Allegations by Kransky’s Attorneys
Kransky’s attorneys countered that both DePuy and its parent company Johnson & Johnson were well aware of the ASR’s design defects. A former DePuy Product Manager stated that DePuy neglected to warn surgeons that the failure rate of the ASR was at least eight times that of other similar metal-on-metal implants. The cup of the ASR is shallower than other cups, leading to excessive wear which is known to cause friction and release toxic metals into the body. A toxicologist who testified on behalf of Kransky stated the metal ions in his bloodstream were from seven to eight times the exposure levels allowed by the California Poison Control Department.
E-mail Concerns Prior to the DePuy ASR Recall
According to Bloomberg News, almost a year prior to the 93,000 DePuy ASR implants being recalled a DePuy marketing executive sent an e-mail detailing safety concerns regarding the ASR, asking DePuy and Johnson and Johnson to consider a recall. This marketing executive stated that “…I still remain concerned with the safety of this product…I do not make product safety decisions but I do have an obligation as an employee of Johnson & Johnson and DePuy to make it known when I do not feel comfortable.”
Metallosis Concerns
Mr. Kransky’s physician has testified that he was convinced Kransky would die from toxicity if the defective hip were not removed. Kransky’s cobalt levels prior to the revision surgery were over fifty micrograms per liter, dropping to 5 micrograms following the surgery. Even the FDA has recently issued updated guidelines regarding all metal-on-metal hip implants, recommending specific metal ion testing for any recipient of an all-metal implant who has experienced adverse health effects. Some of the more common effects from all-metal hip implants include pain, inflammation, difficulty in walking or other physical activity, popping and creaking sounds coming from the implant, metallosis due to high levels of cobalt and chromium in the bloodstream and failure of the implant requiring revision surgery.
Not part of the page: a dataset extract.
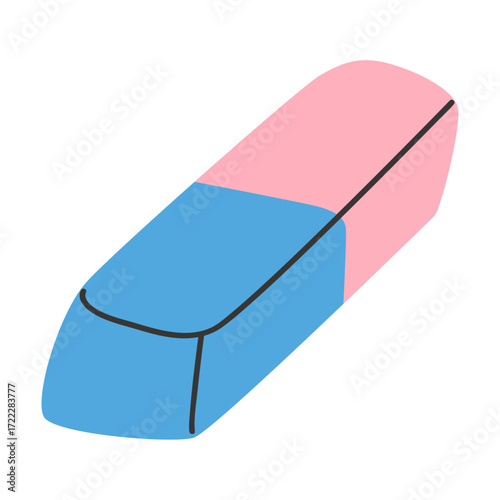 Pink and blue eraser illustration on a white background, office supplies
Testimony from Johnson & Johnson Bioengineer
The trial, which is currently in its fourth week, has more recently seen a Johnson & Johnson bioengineer offer testimony which stated that he redesigned the ASR, finding a way to lower the levels of cobalt and chromium ion release however these changes were never implemented. In fact, this bioengineer wrote to a superior as far back as 2008 stating that “a small improvement to geometry could represent a large improvement for many patients.” By removing the groove on the ASR cup the wear and tear would be approximately three times less than the original design yet these relatively simple design changes were never implemented, presumably because of financial considerations. Jurors also heard an expert witness testify that the ASR had many design defects which resulted in the implant failing at a much higher rate than other all-metal hip implants, primarily due to the shape of the cup which has less than half a circle as well as particularly thin walls—both of which are believed to have contributed to the defective implant.
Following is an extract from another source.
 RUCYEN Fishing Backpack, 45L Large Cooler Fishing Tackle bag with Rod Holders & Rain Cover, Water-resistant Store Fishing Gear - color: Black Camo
The Fourth Week of the Kransky v. DePuy Trial
Now in its fourth week, jurors heard testimony from the Plaintiff, Loren Kransky, as well as from his daughter, Jennifer Lynn regarding how her father’s health had deteriorated since he received the ASR implant. Kransky stated he felt he was being poisoned as he was in constant pain, unable to walk and truly believed that while the revision surgery would likely kill him it was the “lesser of two evils.” There are currently over 6,200 individual DePuy ASR lawsuits which have been consolidated in a federal court in Toledo, Ohio.
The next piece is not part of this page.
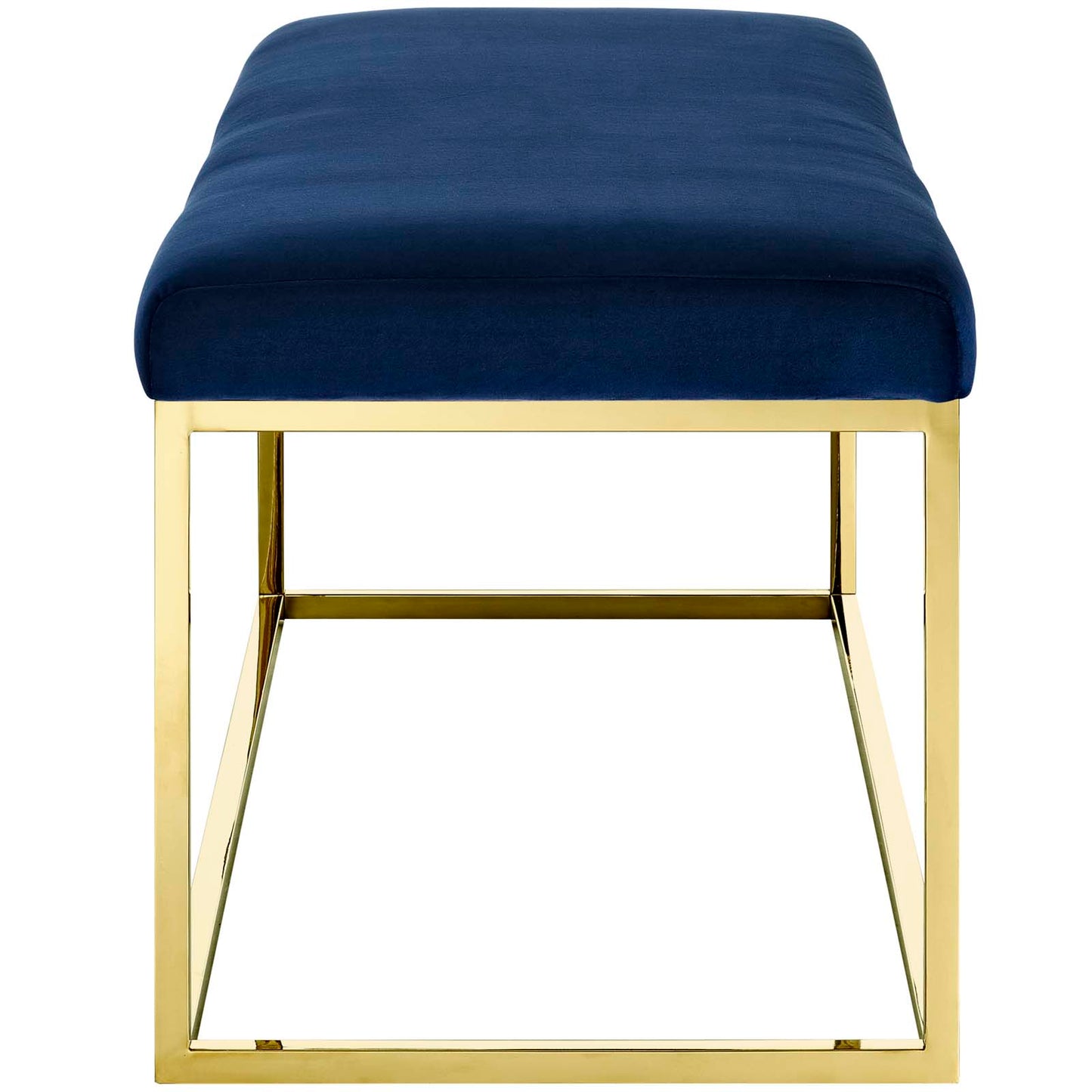 Modway Outlet Anticipate Fabric Bench by Modway  Living Room Furniture Gold Navy - EEI-2851-GLD-NAV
The first two MDL trials are scheduled to begin on May 6, 2013 and July 8, 2013. Thousands of others harmed by the ASR metal hip implant have decided to forgo federal court and bring their ASR lawsuit in state court. The first ASR trial was slated to begin in a Nevada state court on December 3, 2012, however in late August the three plaintiffs settled for approximately $200,000 each. Loren Kransky’s trial is the next DePuy ASR state trial to take place. The trial is expected to last another week and will likely set the tone for all the DePuy ASR lawsuits to follow.